New North Zealand hospital
Renewing design standards for healthcare facilities
CONTEXT & ISSUES
Denmark has invested more than €5.3 billion in strengthening its hospital infrastructure. The programme encompasses 16 projects, including the construction of four major new hospitals. North Zealand is one of them. It will serve as an acute care centre for the 310,000 residents of the capital region, who were previously divided between the hospitals in Hillerød, Elsinore and Frederikssund.
Herzog & de Meuron and Vilhelm Lauritzen Architects have adopted a four-leaf clover shape to unify the different parts of the building and facilitate its integration into the natural environment, while at the same time streamlining internal circulation. With a maximum height of 4 storeys and despite its large surface area of 123,000 m², the hospital remains on a human scale. The patient wards, located on the upper levels, offer panoramic views of the surrounding countryside.

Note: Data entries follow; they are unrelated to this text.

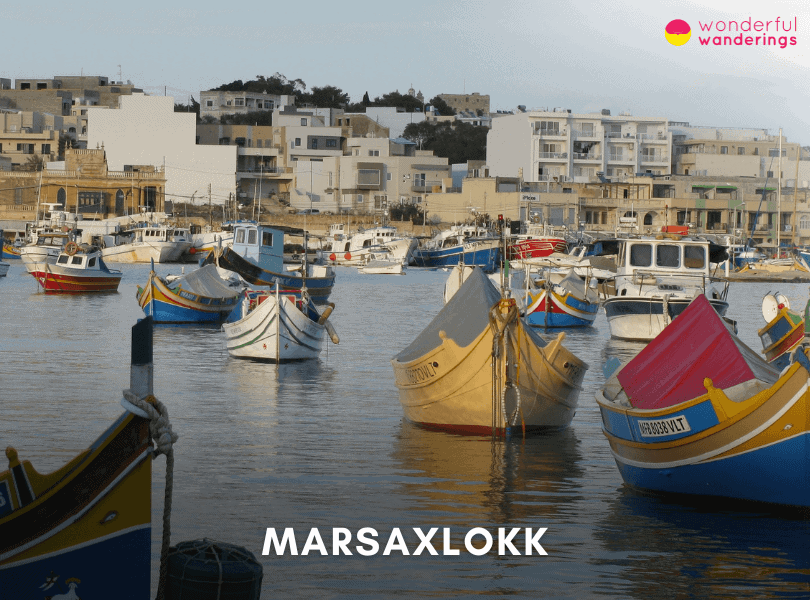 Marsaxlokk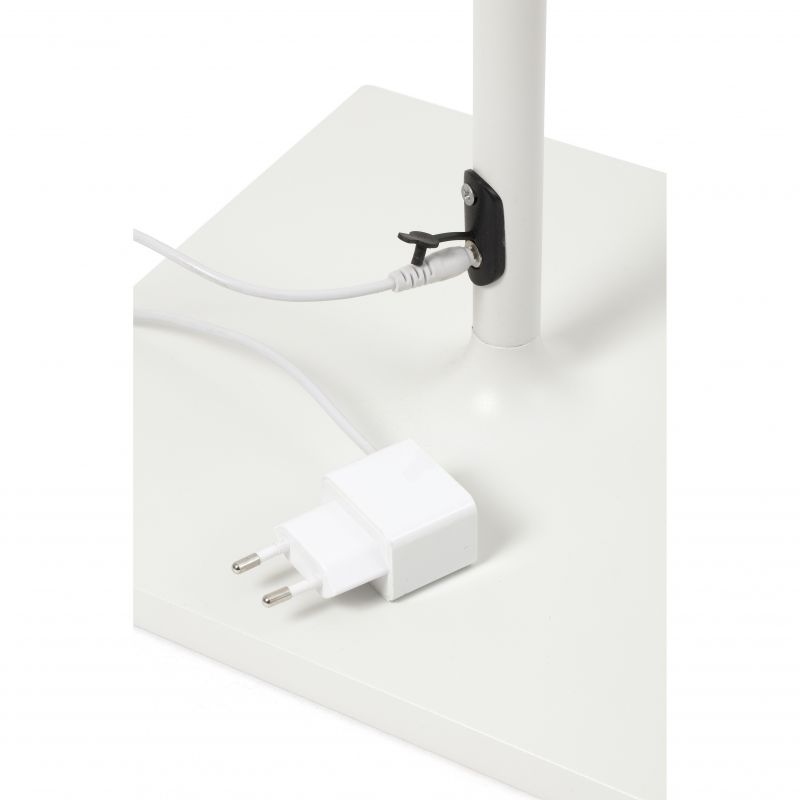 Lampadar LED portabil iluminat exterior decorativ IP54 TOC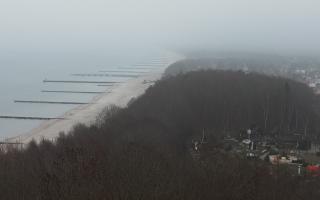 Niechorze latarnia - 17-12-2025 14:23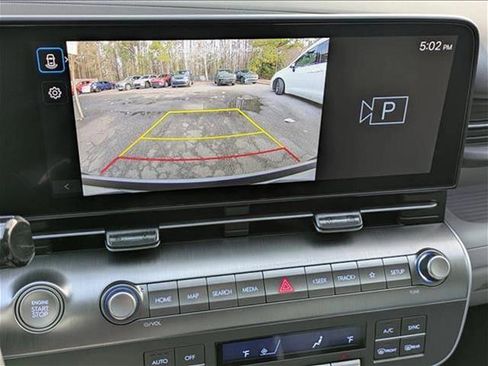 New 2026 Hyundai Kona SEL Premium AWD/4WD image 14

Working closely with the client, Artelia managed the sustainable development of the facility. The building is designed to meet the energy requirements of the Danish building class 2020 and is aiming for DGNB Gold certification (a highly demanding German sustainable construction label). To achieve this, our teams carried out extensive energy calculations, in particular to anticipate heat loss and thermal bridges. They also paid particular attention to the quality of the indoor climate. As most of the rooms are unique, the indoor climate was simulated for more than 100 of them (bedrooms, operating theatres, staff rooms, waiting rooms, etc.). Advanced CFD studies were carried out in the naturally ventilated entrance hall. Our teams also carried out daylight simulations for all types of rooms intended for long-term stays and for the workplaces.
Artelia is also responsible for the creation of the site’s infrastructure and associated civil engineering works (roads, parking areas, traffic lights, drainage, utilities, lighting, ground improvement, geotechnics, environmental improvements). A 3D digital model was built for the design. In accordance with the hospital’s district plan, a rainwater retention system (SUD) was set up with ditches, rainwater tanks, underground reservoirs and temporary flooding zones. The hospital and technical facilities, as well as the access road to the hospital, will thus be protected against extreme events (100-year frequency), while the rest of the site is able to cope with very heavy rainfall (20-year frequency).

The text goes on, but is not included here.